Symantec said that this form of attack “will continue to ensnare PC users and expand to any network-connected device that can be held hostage for a profit.”
“In 2015, ransomware found new targets in smart phones, Mac, and Linux systems. Symantec even demonstrated proof-of-concept attacks against smart watches and televisions in 2015.”
Sharp increase in the number of large businesses targeted
There was also a surge in the number of big companies suffering large-scale attacks last year. There were nine data breaches in 2015 that exposed more than 10 million records, up from four breaches of the same severity in 2014.
Symantec noted that the number of identities stolen online could be higher, as many companies are choosing not to reveal the full extent of their data breaches.
The report said:
“At the close of 2015, the world experienced the largest data breach ever publicly reported. An astounding 191 million records were exposed. It may have been the largest megabreach, but it wasn’t alone. In 2015, a record-setting total of nine mega-breaches were reported,” Mr. Hayley said.

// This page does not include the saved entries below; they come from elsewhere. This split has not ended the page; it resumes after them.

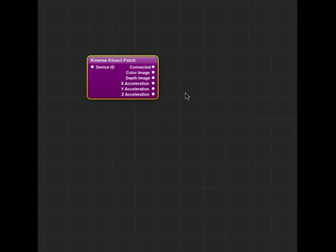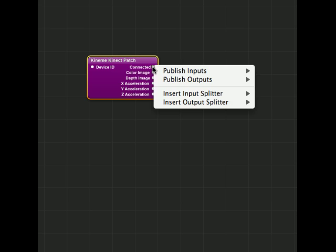So if you want to publish the outputs of a Kinomechanix, or in fact any Quartz Composer object, or an Isadora Speak actor, you can simply Ctrl-Click,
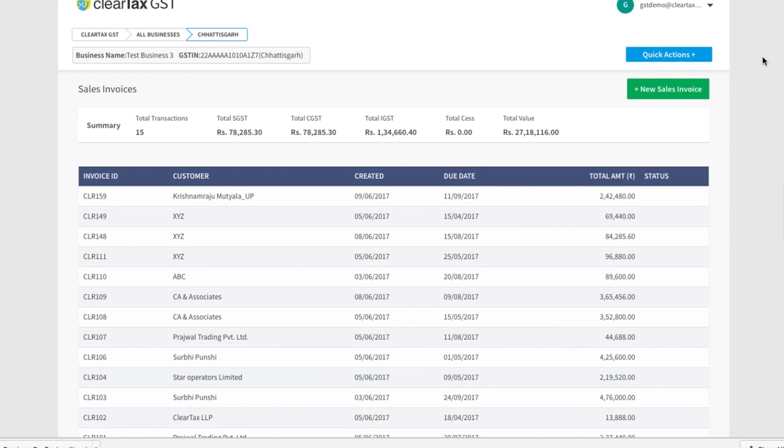You have to make a bill of supply when you are registered under GST and you are selling an exempted good or service, or if you have chosen the composition scheme.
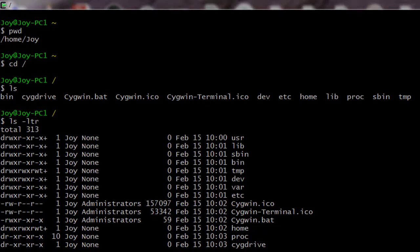So this is it, guys. In this video you have seen how to set up and do the basic installation and configuration of Cygwin, which is going to help us with AWS management and working with the AWS platform in future. I'll show you how we can use it.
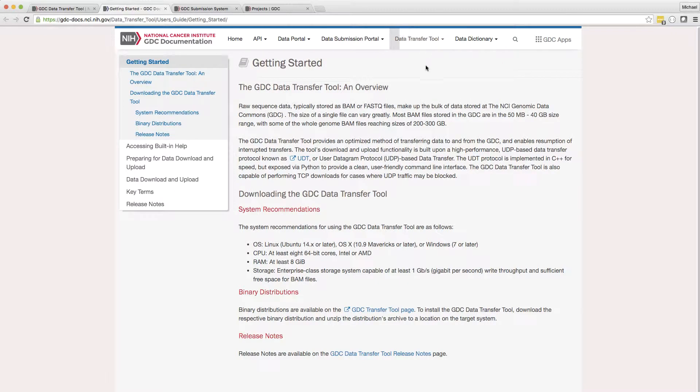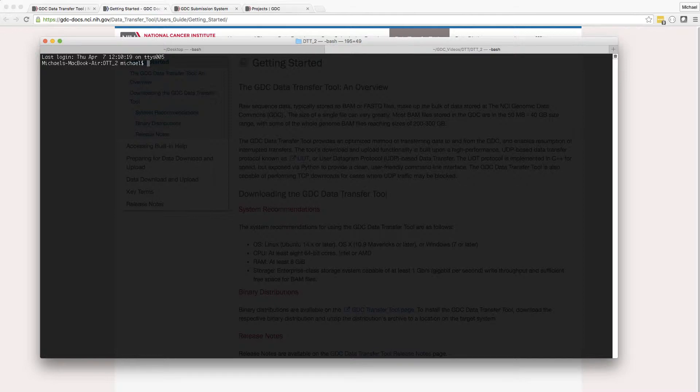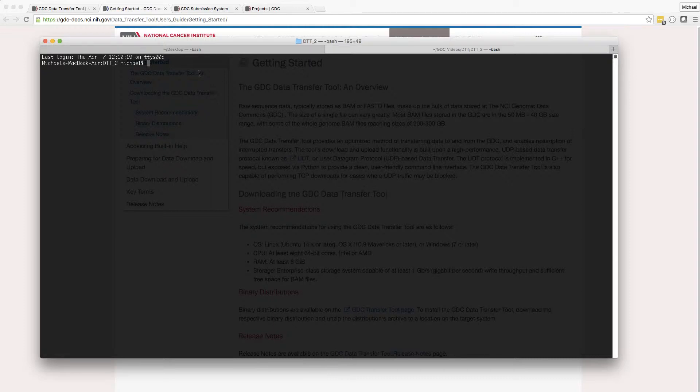Once installed, help menus are available for both the upload and download functions within the tool. For example, if I wanted to see the help menu for the upload function, I would type GDCClientUpload with the '-h' option.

“The total reported number of exposed identities jumped 23 percent to 429 million. But this number hides a bigger story. In 2015, more and more companies chose not to reveal the full extent of the breaches they experienced. Companies choosing not to report the number of records lost increased by 85 percent. A conservative estimate by Symantec of those unreported breaches pushes the real number of records lost to more than half a billion.
“The increasing number of companies choosing to hold back critical details after a breach is a disturbing trend. Transparency is critical to security. While numerous data sharing initiatives are underway in the security industry, helping all of us improve our security products and postures, some of this data is getting harder to collect.”